Jangan beralasan kamu kuat iman, maka tetep aja ngeyel berdua-duaan. Banyak tuh kasus ngakunya aktivis rohis dan niatnya dakwah eh..malah kebablasan pacaran. Teman SMA saya dulu aja ada yang MBA alias Married By Accident alias lagi hamil di luar nikah karena pacaran. Udah sekolahnya nggak bisa lanjut karena perutnya semakin gendut, ia adalah pihak yang dirugikan. Tuh, si laki-laki yang menghamili bisa dengan enaknya melanjutkan sekolah sampe tuntas. Belum lagi beban dosa besar yang harus ia tanggung. Ingat, berzina adalah salah satu dosa besar yang hanya bisa ditebus dengan taubatan nasuha. Taubat yang sungguh-sungguh dan tak akan pernah mengulangi lagi. Bukan taubat jenis tomat, saat ini tobat, besok kumat. Duh, itu sih namanya main-main alias nggak serius dan mau berubah total. Nggak baik, Non!
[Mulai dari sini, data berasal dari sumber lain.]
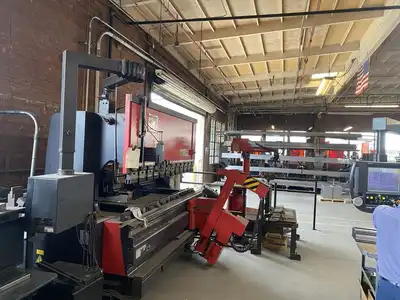 USED 1998 AMADA ASTRO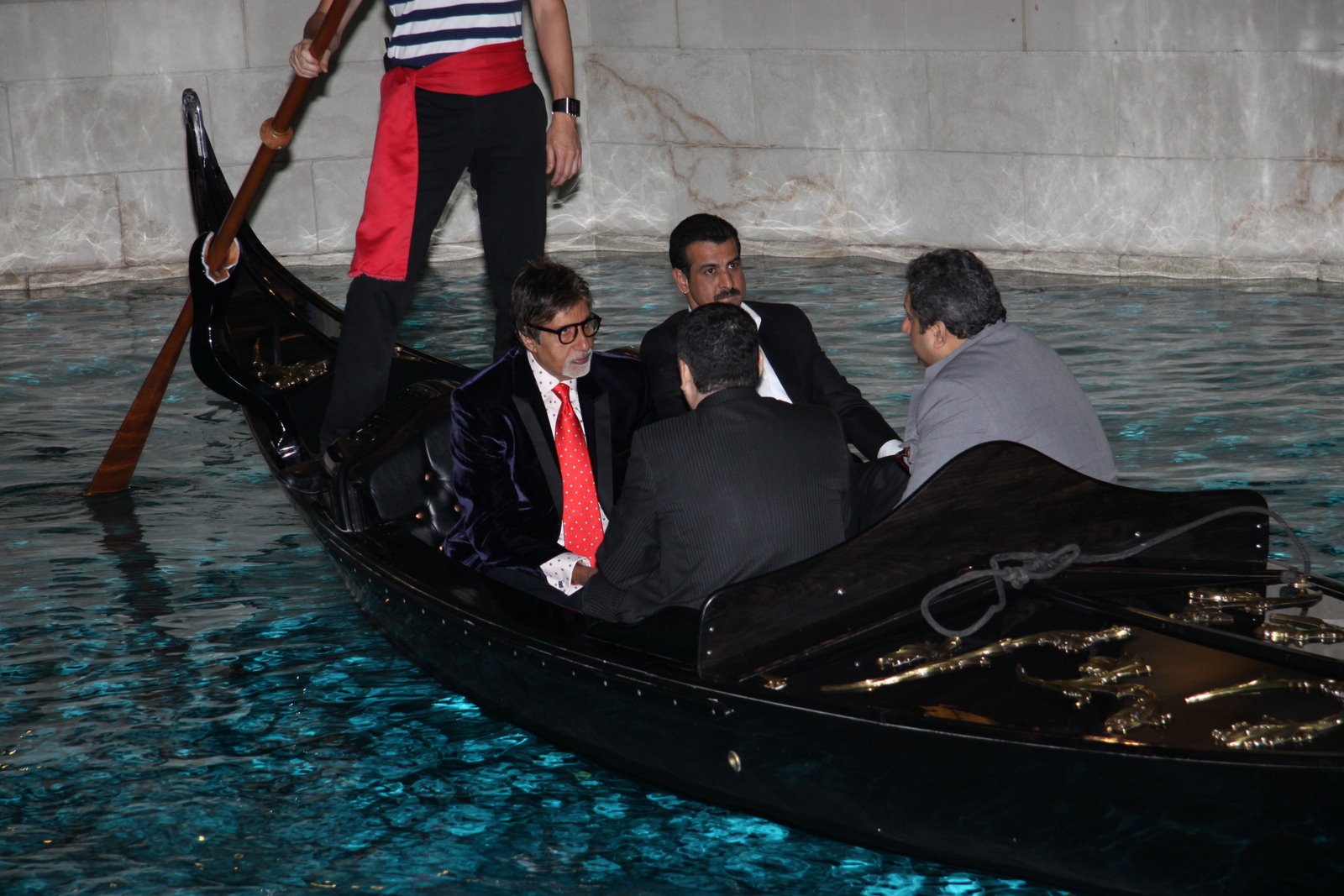 [Bachchan,+IIFA+Brand+Ambassador+rides+a+gandola+after+30+years+since+shooting+for+]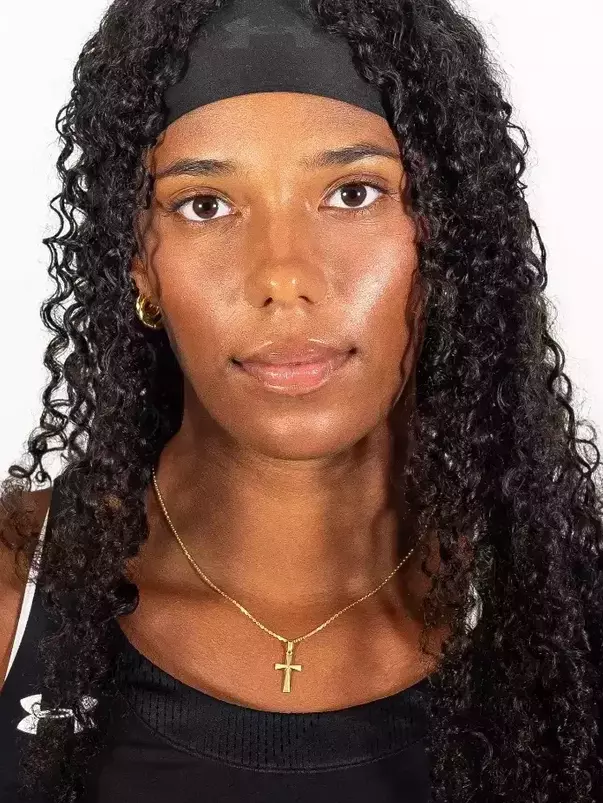 Aaliyah Hohmann 2025 head shot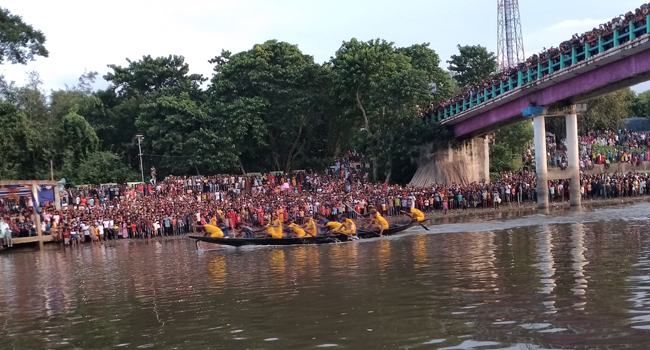 দামুড়হুদায় ঐতিহ্যবাহী নৌকাবাইচ, দু’তীরে উপচেপড়া ভিড়
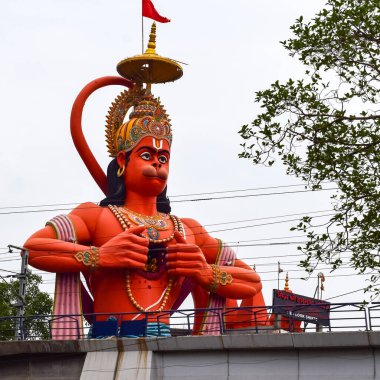 Karol Bagh, Delhi, Hindistan yakınlarındaki Delhi metro köprüsünün yakınındaki Tanrı Hanuman 'ın büyük heykeli.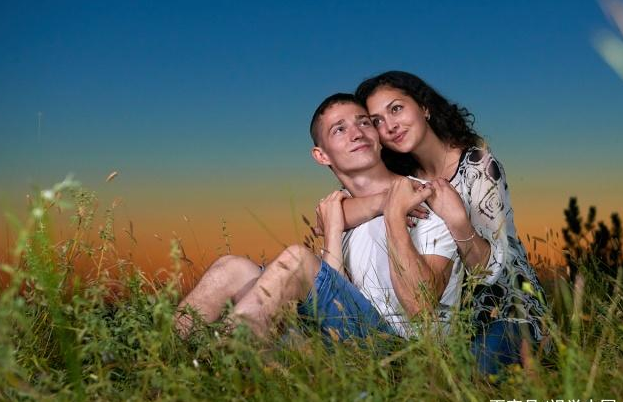 男人疯狂想你了，才有这些种种举止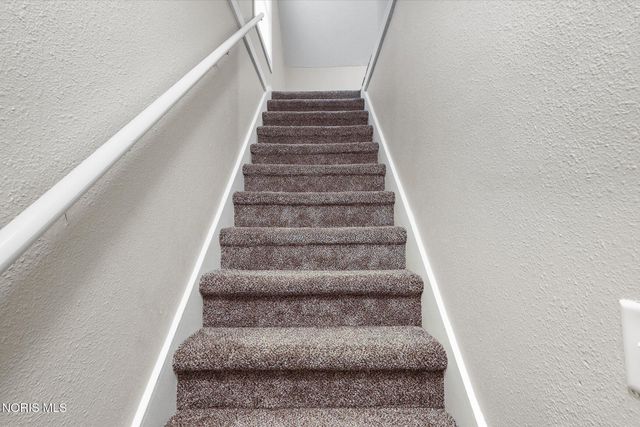 2659 Oak Grove Place, Toledo, OH 43613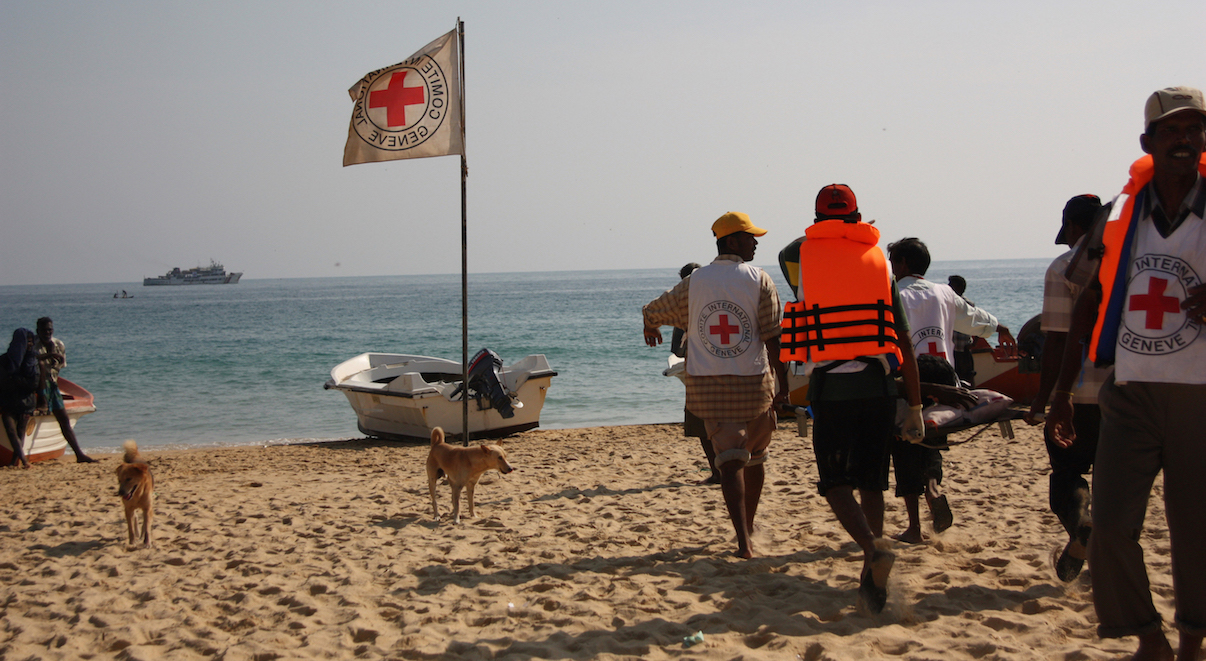 ICRC team evacuating wounded civilians by ferry to Trincomalee. Extract from 17-03-2009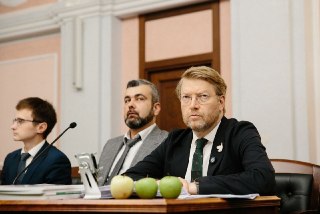 «Яблоко» пытаются обвинить в критике других партий, заявил Рыбаков🔵 Политическая конкуренция. В Верховном суде выступил председатель «Яблока» Николай Рыбаков. Он заявил, что истец пытается вменить в вину партии то, что она отличается от других объединений 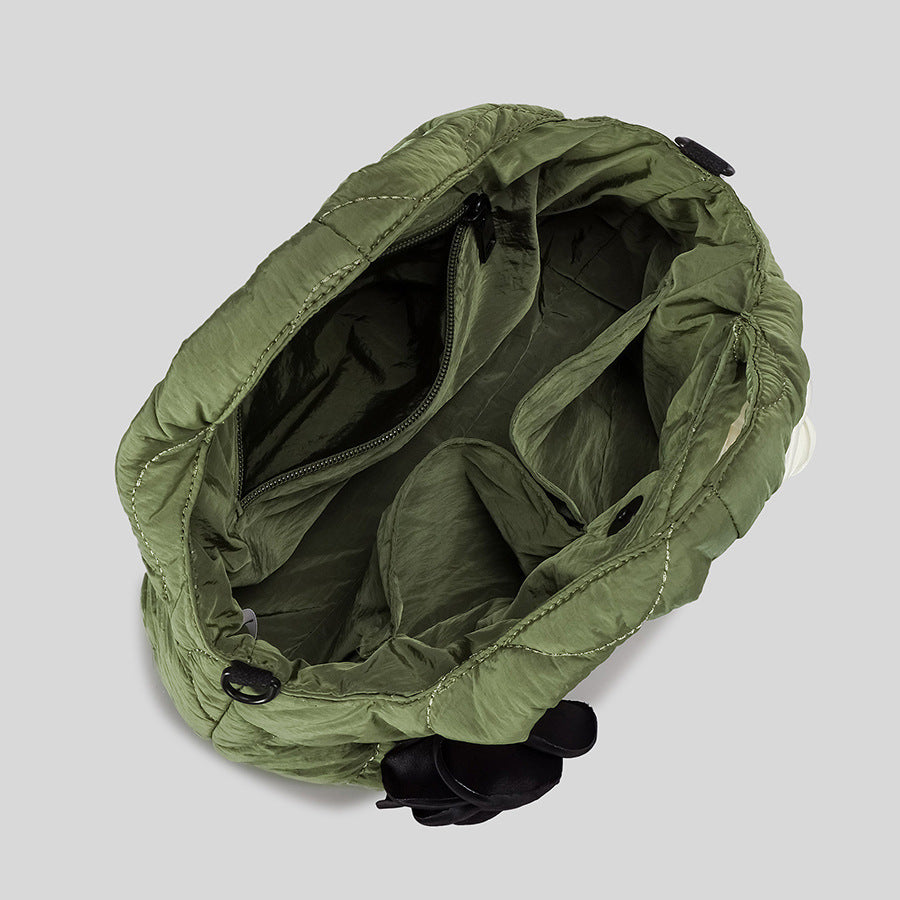 Blumengeschmückte gesteppte Handtasche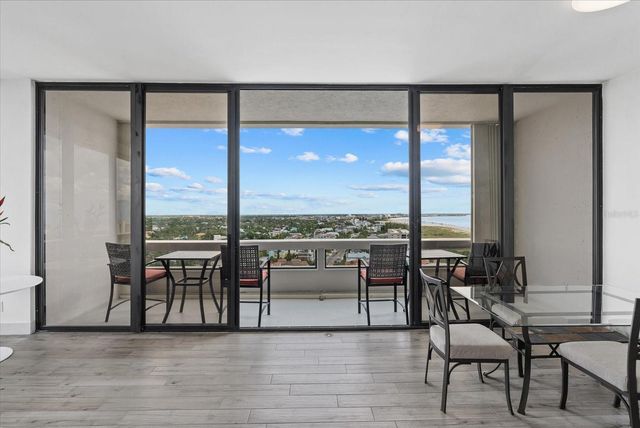 5400 OCEAN BOULEVARD 17-04, Sarasota, FL 34242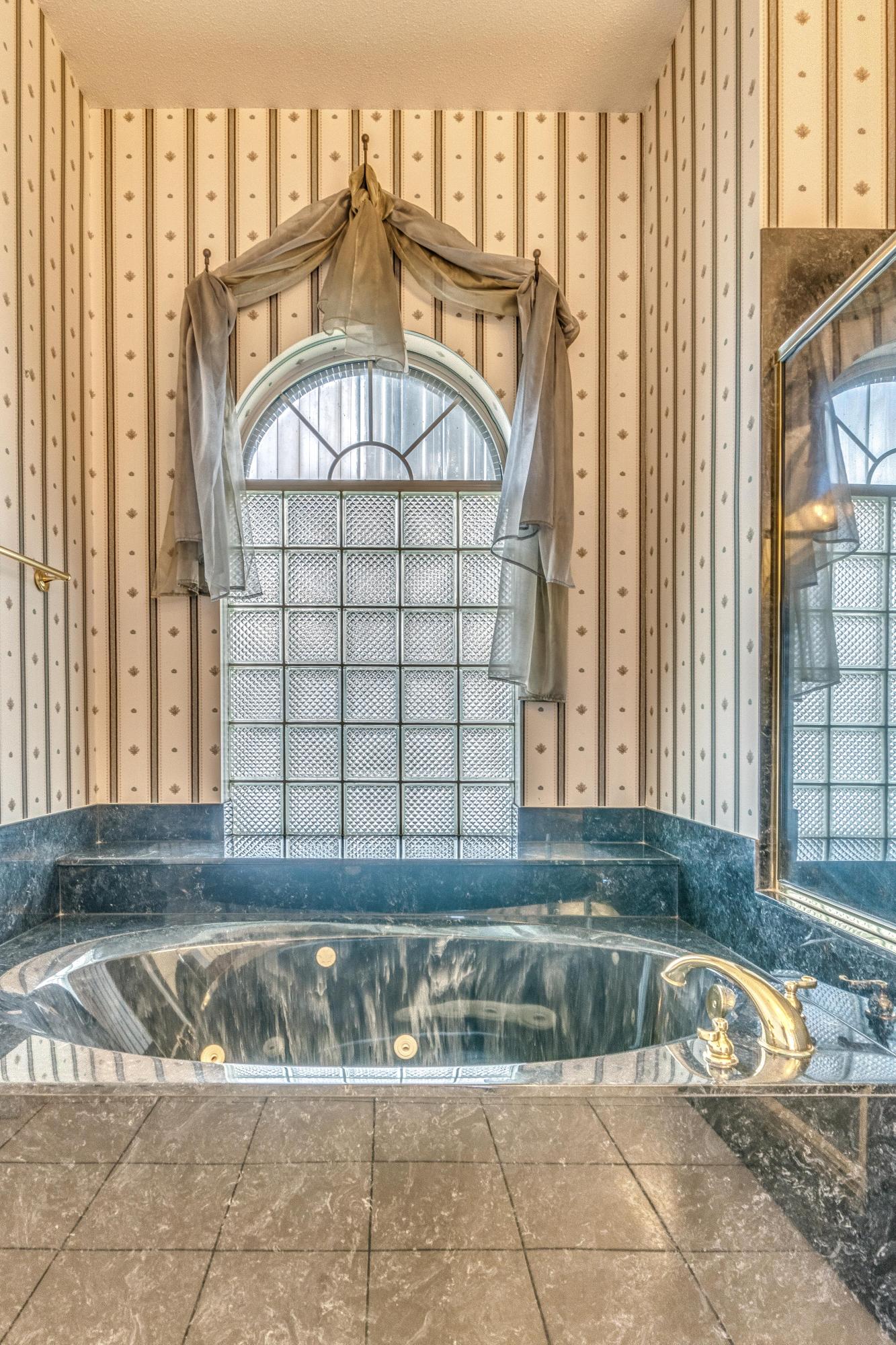 LAKE POINTE - Residential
Kok bisa? Di saat teman-teman pada risih dengan status jomblo, masa’ sih malah bisa dijadikan status pilihan? Bisa aja, why not gitu loh? Lagian tergantung persepsi kan?
Kondisi jomblo adalah kondisi yang independen, mandiri. Di saat teman-teman cewek lain serasa nggak bisa hidup tanpa gebetan, kamu merasa sebaliknya. Nggak harus jadi cewek tuh aleman, manja, tergantung ke cowok, dan merasa lemah. Huh…jijay bajay banget. Jadi cewek kudu punya pendirian, nggak asal ikut-ikutan. Meskipun teman satu sekolah memilih pacaran sebagai jalan hidup, kamu tetap keukeuh dengan prinsip: “jomblo tapi sholihah”. Huhuy!
Dulu, waktu saya masih duduk manis di bangku SMP dan SMA, ada seorang teman yang ngebet banget pingin punya pacar. Sampe-sampe kalo ada kuis di majalah remaja tentang siap-enggaknya pacaran, doi termasuk yang rajin mengisi untuk tahu jawabannya. Ternyata doi tipe yang sudah siap banget. Akhirnya fokus perhatian dia hanya ke cita-cita pingin punya pacar dan pacar mulu. Prestasi sekolah jadi anjlok. Padahal ternyata nggak ada yang mau sama doi (backsound : Kacian banget!).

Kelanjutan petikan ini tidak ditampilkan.